--- Requirement ---
Transcribe, exactly and without pictures, the lines below from the line with "Achtertuin oogst canvas" to the line with "1785RFT RIFT BEADLOCK", both ends included, and no others.

--- Records for this exercise ---
★ ★ ★ ★ ★

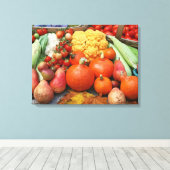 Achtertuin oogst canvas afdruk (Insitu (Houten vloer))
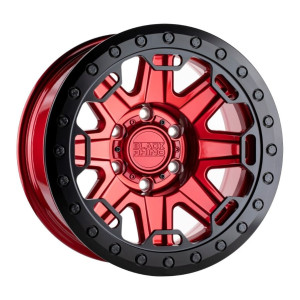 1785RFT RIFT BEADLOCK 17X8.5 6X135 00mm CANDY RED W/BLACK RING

★ ★ ★ ★ ★

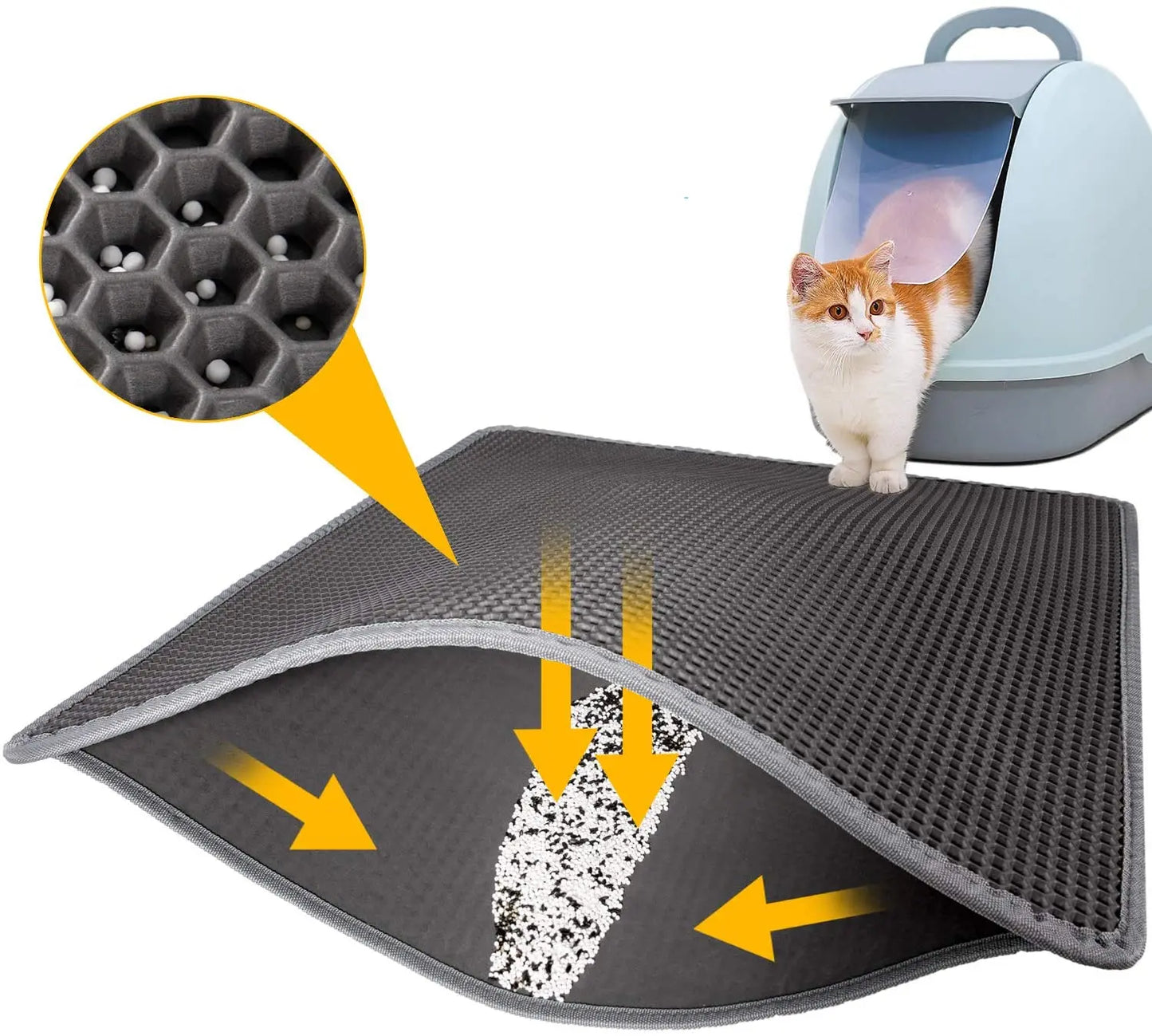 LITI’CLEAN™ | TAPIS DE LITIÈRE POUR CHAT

★ ★ ★ ★ ★

--- Response below ---
 Achtertuin oogst canvas afdruk (Insitu (Houten vloer))
 1785RFT RIFT BEADLOCK 17X8.5 6X135 00mm CANDY RED W/BLACK RING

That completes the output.